## Work item:
Among the entries below, only the lines starting at the one with "Apartment Geraldine - 3-5km" and ending at the one with "Weiss Hotels Kepong Baru 4/35", both included, are to be printed exactly.

··· Source data ···

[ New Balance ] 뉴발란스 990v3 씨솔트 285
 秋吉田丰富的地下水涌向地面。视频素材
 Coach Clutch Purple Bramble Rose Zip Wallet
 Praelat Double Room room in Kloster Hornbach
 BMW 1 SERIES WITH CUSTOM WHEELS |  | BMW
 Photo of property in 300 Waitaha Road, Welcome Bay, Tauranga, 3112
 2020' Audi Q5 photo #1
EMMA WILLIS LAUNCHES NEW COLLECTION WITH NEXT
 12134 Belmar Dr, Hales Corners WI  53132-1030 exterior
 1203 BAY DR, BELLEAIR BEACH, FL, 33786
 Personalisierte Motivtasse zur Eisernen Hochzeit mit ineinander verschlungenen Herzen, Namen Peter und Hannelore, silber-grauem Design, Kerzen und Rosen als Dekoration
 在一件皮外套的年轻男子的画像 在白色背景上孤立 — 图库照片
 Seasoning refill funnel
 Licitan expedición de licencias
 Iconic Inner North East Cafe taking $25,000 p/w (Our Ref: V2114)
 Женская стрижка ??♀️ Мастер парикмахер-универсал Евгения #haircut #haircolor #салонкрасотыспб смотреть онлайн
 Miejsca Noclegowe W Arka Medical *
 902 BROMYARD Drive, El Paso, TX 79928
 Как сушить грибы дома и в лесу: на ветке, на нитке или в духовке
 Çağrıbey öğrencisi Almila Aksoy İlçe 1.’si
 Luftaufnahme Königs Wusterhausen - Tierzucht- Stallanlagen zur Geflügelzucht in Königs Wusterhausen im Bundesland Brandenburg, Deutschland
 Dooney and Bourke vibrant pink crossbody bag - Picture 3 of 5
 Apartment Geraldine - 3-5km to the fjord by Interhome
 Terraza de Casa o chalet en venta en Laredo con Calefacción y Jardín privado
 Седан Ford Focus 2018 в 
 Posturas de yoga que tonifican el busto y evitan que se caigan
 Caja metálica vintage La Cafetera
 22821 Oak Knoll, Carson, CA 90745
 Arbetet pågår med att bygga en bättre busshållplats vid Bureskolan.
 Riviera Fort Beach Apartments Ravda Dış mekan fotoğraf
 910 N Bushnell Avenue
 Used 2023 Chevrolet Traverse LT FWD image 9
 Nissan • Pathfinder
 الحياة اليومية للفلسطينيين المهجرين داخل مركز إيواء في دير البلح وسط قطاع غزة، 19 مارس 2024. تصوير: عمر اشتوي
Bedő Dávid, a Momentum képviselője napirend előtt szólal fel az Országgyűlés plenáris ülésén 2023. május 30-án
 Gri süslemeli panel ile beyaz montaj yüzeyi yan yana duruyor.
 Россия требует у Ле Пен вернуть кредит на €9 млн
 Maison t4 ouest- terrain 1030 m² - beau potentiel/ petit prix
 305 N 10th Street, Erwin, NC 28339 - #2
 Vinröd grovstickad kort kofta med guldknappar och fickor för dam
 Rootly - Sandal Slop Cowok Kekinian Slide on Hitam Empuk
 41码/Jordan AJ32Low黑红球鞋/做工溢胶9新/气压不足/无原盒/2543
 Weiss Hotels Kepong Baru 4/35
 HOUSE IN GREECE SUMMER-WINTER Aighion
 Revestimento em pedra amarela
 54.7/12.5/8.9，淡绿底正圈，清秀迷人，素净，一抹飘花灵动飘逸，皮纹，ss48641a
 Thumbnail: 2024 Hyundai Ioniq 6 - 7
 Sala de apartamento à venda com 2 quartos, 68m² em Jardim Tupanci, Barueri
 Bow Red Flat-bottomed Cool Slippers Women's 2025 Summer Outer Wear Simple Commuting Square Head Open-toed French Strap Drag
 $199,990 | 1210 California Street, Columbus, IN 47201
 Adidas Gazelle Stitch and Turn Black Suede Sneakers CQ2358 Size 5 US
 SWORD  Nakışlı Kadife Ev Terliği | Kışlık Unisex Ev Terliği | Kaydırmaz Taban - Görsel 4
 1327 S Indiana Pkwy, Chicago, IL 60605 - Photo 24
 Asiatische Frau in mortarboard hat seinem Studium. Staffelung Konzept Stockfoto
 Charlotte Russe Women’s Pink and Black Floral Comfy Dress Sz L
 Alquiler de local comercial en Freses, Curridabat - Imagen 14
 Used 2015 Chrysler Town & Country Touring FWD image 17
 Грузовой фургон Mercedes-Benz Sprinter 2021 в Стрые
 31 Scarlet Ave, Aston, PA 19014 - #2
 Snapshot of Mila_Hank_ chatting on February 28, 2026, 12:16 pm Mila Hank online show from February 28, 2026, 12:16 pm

···

## Expected output:
 Apartment Geraldine - 3-5km to the fjord by Interhome
 Terraza de Casa o chalet en venta en Laredo con Calefacción y Jardín privado
 Седан Ford Focus 2018 в 
 Posturas de yoga que tonifican el busto y evitan que se caigan
 Caja metálica vintage La Cafetera
 22821 Oak Knoll, Carson, CA 90745
 Arbetet pågår med att bygga en bättre busshållplats vid Bureskolan.
 Riviera Fort Beach Apartments Ravda Dış mekan fotoğraf
 910 N Bushnell Avenue
 Used 2023 Chevrolet Traverse LT FWD image 9
 Nissan • Pathfinder
 الحياة اليومية للفلسطينيين المهجرين داخل مركز إيواء في دير البلح وسط قطاع غزة، 19 مارس 2024. تصوير: عمر اشتوي
Bedő Dávid, a Momentum képviselője napirend előtt szólal fel az Országgyűlés plenáris ülésén 2023. május 30-án
 Gri süslemeli panel ile beyaz montaj yüzeyi yan yana duruyor.
 Россия требует у Ле Пен вернуть кредит на €9 млн
 Maison t4 ouest- terrain 1030 m² - beau potentiel/ petit prix
 305 N 10th Street, Erwin, NC 28339 - #2
 Vinröd grovstickad kort kofta med guldknappar och fickor för dam
 Rootly - Sandal Slop Cowok Kekinian Slide on Hitam Empuk
 41码/Jordan AJ32Low黑红球鞋/做工溢胶9新/气压不足/无原盒/2543
 Weiss Hotels Kepong Baru 4/35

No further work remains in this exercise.